New report from UMAS, UCL and GMF shows that Green Shipping Corridors will need additional support under a global fuel standard.
Under current and prospective policies from the International Maritime Organization, European Union, and US, the business case for green shipping corridors could improve markedly, but not sufficiently, according to a new report published by UMAS, UCL and the Global Maritime Forum (GMF).
Titled Building a Business Case for Green Shipping Corridors, the report looks at the significant commercial challenges associated with green shipping corridors, how these could change under future regulation, and what additional support may be needed to ensure the viability of such projects.
Green shipping corridor projects, which focus on initiating the maritime value chain for scalable and sustainable fuels such as hydrogen-derived e-ammonia and e-methanol, have thus far faced an insurmountable cost gap.
Against the backdrop of an evolving global and regional policy landscape, the business case for such first mover initiatives will begin to improve, but targeted support will be needed to ensure uptake of e-fuels.
The report emphasises the important role of regulation in enabling shipping’s energy transition and the wider implications for the industry operating under a future compliance regime where fleet and bunkering strategies will need to become more sophisticated.
Policies such as the IMO’s new global fuel standard, the EU’s Emissions Trading Scheme (ETS), and the US Inflation Reduction Act (IRA) will play a critical role in reducing costs for green shipping corridors but fall short of fully bridging the gap between the cost of e-fuels and the cheapest solution to meet compliance.
The report explores the potential opportunities and options that could be available for green shipping corridors in three different shipping sectors—gas carriers, container ships, and bulk carriers—to highlight how public and private efforts could accelerate early adoption of e-fuels.
According to UMAS, the scenarios explored reveal that while biofuels and blue ammonia are lowest cost options over the near term, scalable e-fuels such as e-ammonia are expected to become increasingly competitive as production costs fall and compliance requirements tighten, indicating that targeted support would only be required over the short term.
With 62 green shipping corridors initiatives already announced, support for these early mover projects could enable significant strides to be made in the development of sustainable fuel production and in investment in the storage, bunkering, and port infrastructure required to decarbonise the wider shipping industry later in the transition.
Deniz Aymer, Senior Consultant at UMAS, said, “Upcoming regulation will shift the business case for green shipping corridors – as well as shaping how the wider shipping industry approaches compliance.
“To fully bridge the cost gap, however, targeted support for e-fuels is needed.

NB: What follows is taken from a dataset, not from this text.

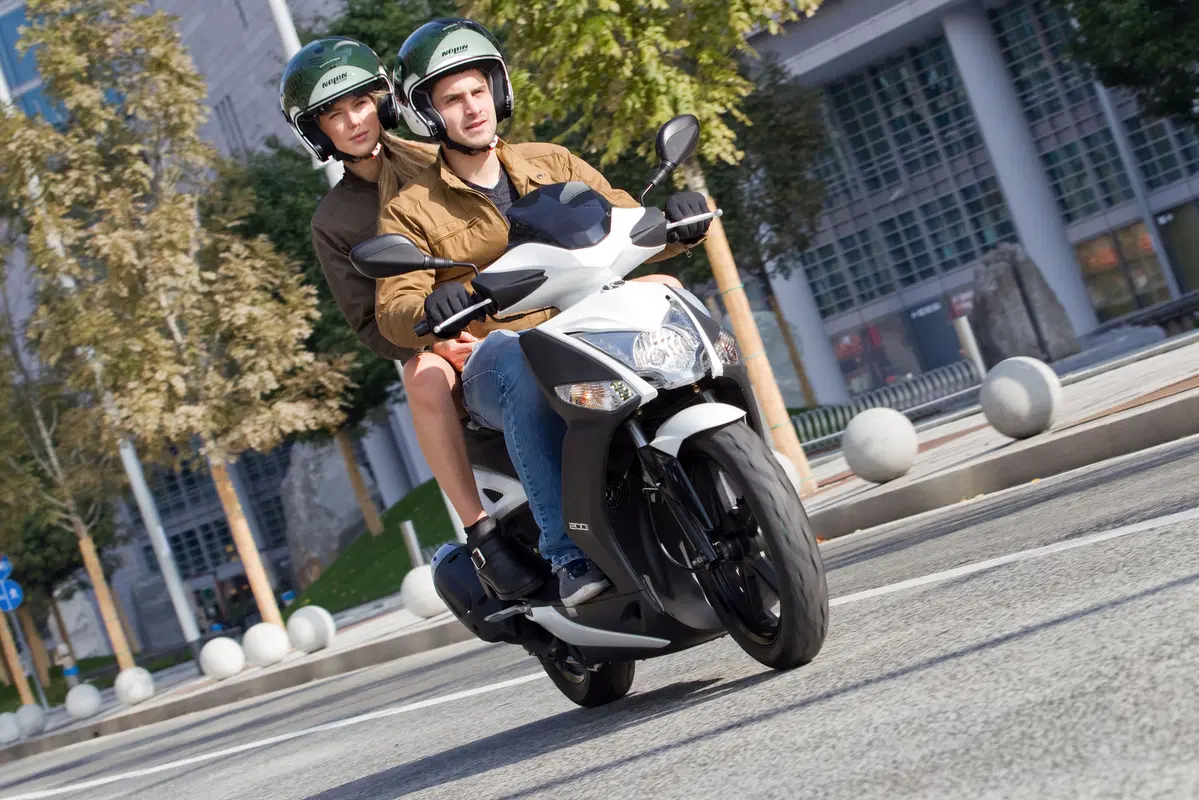Kymco Agility 200 Agility 200i R16 + (2014 - 17) (9)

But this short-term support will pay future dividends by ensuring that scalable and sustainable fuels are available to the wider industry when needed.”
To accelerate progress, the report outlines actionable solutions for industry and policymakers.
It highlights how business models will need to adapt under incoming regulation and how long-term commitments from cargo owners and ship owners and operators can help de-risk investment and drive e-fuel adoption. Strategic partnerships across the value chain will be essential for sharing risks and rewards, ensuring a more equitable cost distribution while advancing green shipping corridor projects.
Despite this, the business case for green shipping corridors will remain challenging without targeted measures to support the uptake of e-fuels.
“Mechanisms such as Contracts for Difference (CFDs), e-fuel auctions, and/or multipliers for overcompliance with e-fuels will be crucial to the short-term viability of these initiatives,” the new report highlights.
Economic support could be underwritten by the IMO through revenues raised by a levy on shipping industry emissions.
The report notes that in the absence of a global levy, national governments may need to step in to directly support corridor projects.